Soprattutto da Brasile e Usa arrivano mais, cotone, mele, patate e cereali trasgenici. Senza i quali l’Europa non coprirebbe il fabbisogno degli allevamenti
La riforma ha cambiato gli equilibri. Il blocco dei paesi tradizionalmente anti Ogm ha rotto le file, procedendo in ordine sparso, l’Italia ha sposato nettamente la linea della Commissione, Germania e Francia sono rimaste su posizioni critiche, Regno Unito e Spagna invece nettamente pro Ogm. D’ora in poi, già durante la fase d’istruttoria condotta dall’Efsa, alla richiesta di un’impresa di introdurre un Ogm, lo Stato membro potrà rispondere escludendo il proprio territorio dalla “fase di coltivazione”, ricorrendo se necessario a un divieto formale, basato anche su generali ragioni socio-economiche e di politica agricola e ambientale. Il provvedimento sarà esaminato dalla Commissione e passati 75 giorni, lo Stato membro potrà procedere recependo o no le osservazioni di Bruxelles, potendo dire “No” in maniera unilaterale. Sette coltivazioni OGM già approvate aspettano solo che la nuova direttiva entri in vigore mentre il Commissario Borg ha già annunciato che sarà presto autorizzata la coltivazione del mais transgenico resistente ai parassiti TC1507 del gruppo Pioneer. Sì, lo stesso bocciato da 19 Stati su 28.
“Così vince la sovranità nazionale”. Ma per gli ambientalisti a vincere saranno le multinazionali
“Così vince la sovranità nazionale”, sostengono i promotori, Commissione in primis. Ma per gli ambientalisti si tratta di una vittoria di Pirro. Secondo il verde francese José Bové, politico e agricoltore simbolo delle battaglie ambientaliste e secondo numerose Ong del settore, questa nuova procedura nazionalizza il dissenso e frammenta la volontà, maggioritaria nell’opinione pubblica europea, di tenere fuori dal Vecchio Continente le coltivazioni Ogm: “L’unico risultato sarà rendere i singoli governi più esposti alle pressioni fortissime delle multinazionali favorendo l’introduzione di colture transgeniche. Monsanto potrà utilizzare le ambiguità giuridiche per attaccare i divieti nazionali davanti all’Organizzazione mondiale del Commercio”.

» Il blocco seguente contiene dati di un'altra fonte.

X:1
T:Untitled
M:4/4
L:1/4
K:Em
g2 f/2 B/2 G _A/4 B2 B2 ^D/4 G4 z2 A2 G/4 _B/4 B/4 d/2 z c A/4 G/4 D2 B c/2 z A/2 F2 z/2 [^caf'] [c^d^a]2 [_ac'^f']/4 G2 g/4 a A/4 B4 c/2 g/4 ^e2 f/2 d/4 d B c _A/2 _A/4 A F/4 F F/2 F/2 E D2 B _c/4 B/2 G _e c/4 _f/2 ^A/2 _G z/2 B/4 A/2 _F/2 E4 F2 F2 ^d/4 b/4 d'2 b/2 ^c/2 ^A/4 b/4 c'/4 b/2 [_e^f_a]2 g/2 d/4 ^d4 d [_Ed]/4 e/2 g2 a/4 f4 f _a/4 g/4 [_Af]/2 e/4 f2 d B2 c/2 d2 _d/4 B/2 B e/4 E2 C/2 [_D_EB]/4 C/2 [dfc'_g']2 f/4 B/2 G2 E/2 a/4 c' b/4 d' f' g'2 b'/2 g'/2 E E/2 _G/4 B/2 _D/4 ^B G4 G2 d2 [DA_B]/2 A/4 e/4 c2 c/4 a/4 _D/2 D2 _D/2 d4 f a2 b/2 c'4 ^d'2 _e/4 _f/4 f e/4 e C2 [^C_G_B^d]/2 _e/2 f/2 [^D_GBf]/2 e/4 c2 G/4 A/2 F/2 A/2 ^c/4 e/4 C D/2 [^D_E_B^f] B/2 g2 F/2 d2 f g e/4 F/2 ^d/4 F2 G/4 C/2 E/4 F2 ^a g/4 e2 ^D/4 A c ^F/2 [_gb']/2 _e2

Il punto è che non votare la riforma avrebbe significato difendere lo status quo. Secondo l’europarlamentare Kateřina Konečná (Gue/Ngl) “il problema è che l’impatto sulla salute non è oggetto di una discussione pubblica e gli studi esistenti sono in gran parte finanziati dalle lobby pro Ogm”. Il prossimo passo per gli anti Ogm sarà agire in seno al Consiglio dei Ministri europei, perché la Commissione, come annunciato, tenga fede all’impegno di rivedere l’intero processo di autorizzazione. In 12 anni Bruxelles non ha mai rifiutato una richiesta avanzata dalle imprese e i critici puntano il dito sul curriculum degli esperti dell’Efsa scelti dalla Commissione. Il caso più eclatante 4 anni fa, quando José Bové ha denunciato il conflitto d’interessi del presidente: l’ungherese Diàna Bànati, era stata in precedenza nel comitato direttivo dell’International Life Science Istitute, la lobby che raggruppa le multinazionali dell’agroalimentare, da Monsanto a Nestlé.